START Input data
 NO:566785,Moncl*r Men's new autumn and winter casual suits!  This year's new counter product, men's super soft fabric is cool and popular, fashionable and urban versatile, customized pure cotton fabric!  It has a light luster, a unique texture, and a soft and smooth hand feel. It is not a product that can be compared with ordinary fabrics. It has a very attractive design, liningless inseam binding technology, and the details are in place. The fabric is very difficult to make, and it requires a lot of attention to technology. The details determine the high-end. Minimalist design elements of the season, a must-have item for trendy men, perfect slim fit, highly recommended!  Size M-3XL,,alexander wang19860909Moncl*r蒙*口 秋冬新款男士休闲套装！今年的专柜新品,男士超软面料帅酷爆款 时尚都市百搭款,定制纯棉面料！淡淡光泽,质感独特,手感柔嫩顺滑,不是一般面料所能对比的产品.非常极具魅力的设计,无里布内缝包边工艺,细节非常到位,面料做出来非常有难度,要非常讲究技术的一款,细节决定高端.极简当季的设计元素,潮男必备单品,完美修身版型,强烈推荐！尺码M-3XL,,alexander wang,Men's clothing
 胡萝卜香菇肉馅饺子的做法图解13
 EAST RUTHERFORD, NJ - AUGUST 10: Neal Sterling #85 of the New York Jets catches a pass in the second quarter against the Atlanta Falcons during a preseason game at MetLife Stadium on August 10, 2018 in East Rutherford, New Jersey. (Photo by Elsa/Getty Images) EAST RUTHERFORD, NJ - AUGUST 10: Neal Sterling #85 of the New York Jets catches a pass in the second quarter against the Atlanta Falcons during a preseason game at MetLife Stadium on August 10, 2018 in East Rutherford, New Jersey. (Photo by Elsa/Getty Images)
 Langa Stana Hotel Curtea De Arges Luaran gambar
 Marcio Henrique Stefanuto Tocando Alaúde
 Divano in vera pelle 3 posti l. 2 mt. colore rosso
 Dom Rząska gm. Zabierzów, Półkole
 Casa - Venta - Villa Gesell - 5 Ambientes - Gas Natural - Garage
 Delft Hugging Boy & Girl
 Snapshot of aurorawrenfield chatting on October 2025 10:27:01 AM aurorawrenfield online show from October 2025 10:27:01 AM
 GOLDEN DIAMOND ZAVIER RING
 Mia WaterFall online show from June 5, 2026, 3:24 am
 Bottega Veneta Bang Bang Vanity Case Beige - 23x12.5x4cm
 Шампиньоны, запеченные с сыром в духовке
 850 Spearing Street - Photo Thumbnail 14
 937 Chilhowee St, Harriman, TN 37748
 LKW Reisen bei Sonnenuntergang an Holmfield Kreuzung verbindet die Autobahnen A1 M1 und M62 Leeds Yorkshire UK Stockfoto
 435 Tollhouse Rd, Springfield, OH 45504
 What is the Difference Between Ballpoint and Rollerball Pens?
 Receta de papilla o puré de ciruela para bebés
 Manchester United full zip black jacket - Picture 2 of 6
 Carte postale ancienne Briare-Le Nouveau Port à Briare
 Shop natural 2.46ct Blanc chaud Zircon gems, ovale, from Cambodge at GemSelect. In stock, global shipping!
END Input data
- Work instructions
Exact copies of the lines from the start of the data up to the line holding "胡萝卜香菇肉馅饺子的做法图解13", both included, are all that is needed.

- Solution for this problem
 NO:566785,Moncl*r Men's new autumn and winter casual suits!  This year's new counter product, men's super soft fabric is cool and popular, fashionable and urban versatile, customized pure cotton fabric!  It has a light luster, a unique texture, and a soft and smooth hand feel. It is not a product that can be compared with ordinary fabrics. It has a very attractive design, liningless inseam binding technology, and the details are in place. The fabric is very difficult to make, and it requires a lot of attention to technology. The details determine the high-end. Minimalist design elements of the season, a must-have item for trendy men, perfect slim fit, highly recommended!  Size M-3XL,,alexander wang19860909Moncl*r蒙*口 秋冬新款男士休闲套装！今年的专柜新品,男士超软面料帅酷爆款 时尚都市百搭款,定制纯棉面料！淡淡光泽,质感独特,手感柔嫩顺滑,不是一般面料所能对比的产品.非常极具魅力的设计,无里布内缝包边工艺,细节非常到位,面料做出来非常有难度,要非常讲究技术的一款,细节决定高端.极简当季的设计元素,潮男必备单品,完美修身版型,强烈推荐！尺码M-3XL,,alexander wang,Men's clothing
 胡萝卜香菇肉馅饺子的做法图解13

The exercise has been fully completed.